■ **Records for this task**
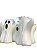 Kit 2un Enfeite de Halloween Fantasma Boo Alfa em Plástico - Imagem 1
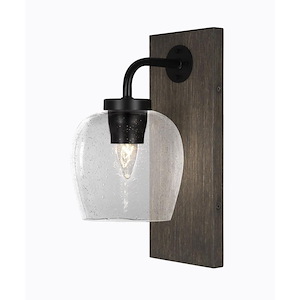 Oxbridge - 1 Light Wall Sconce-12 Inches Tall and 6 Inches Wide - 1270444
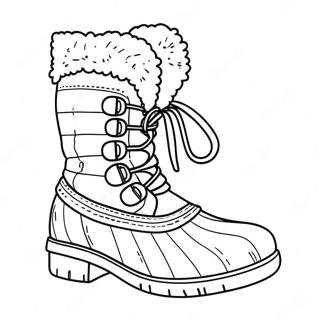 Stylish Winter Boots Coloring Page 18401-14523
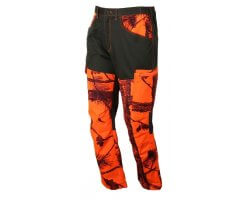Pantalon de traque anti-ronce Maquisard camouflage orange Treeland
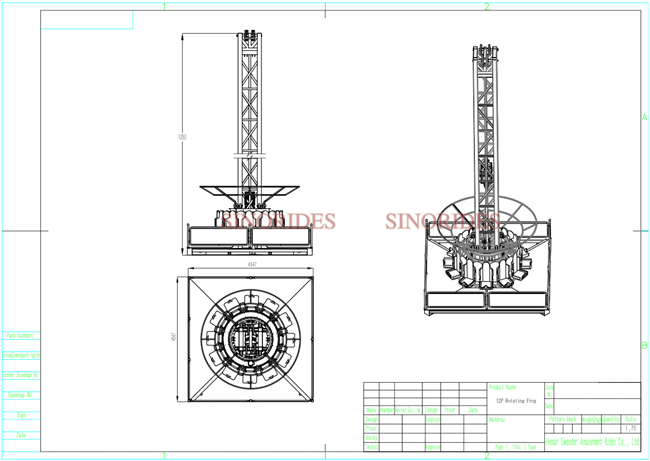 drop tower rides drawing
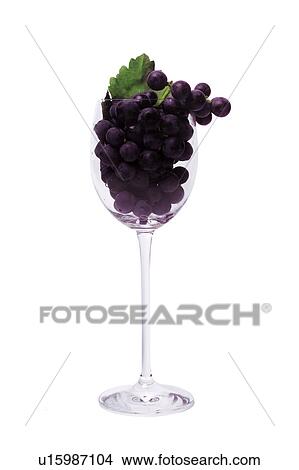 Picture - Food, Fruit, Grape, Grapes, Black, Black grapes, Bunch. Fotosearch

■ **Activity**
Extract the entries in full, exactly as they are, minus the pictures.

■ **Answer space**
 Kit 2un Enfeite de Halloween Fantasma Boo Alfa em Plástico - Imagem 1
 Oxbridge - 1 Light Wall Sconce-12 Inches Tall and 6 Inches Wide - 1270444
 Stylish Winter Boots Coloring Page 18401-14523
Pantalon de traque anti-ronce Maquisard camouflage orange Treeland
 drop tower rides drawing
 Picture - Food, Fruit, Grape, Grapes, Black, Black grapes, Bunch. Fotosearch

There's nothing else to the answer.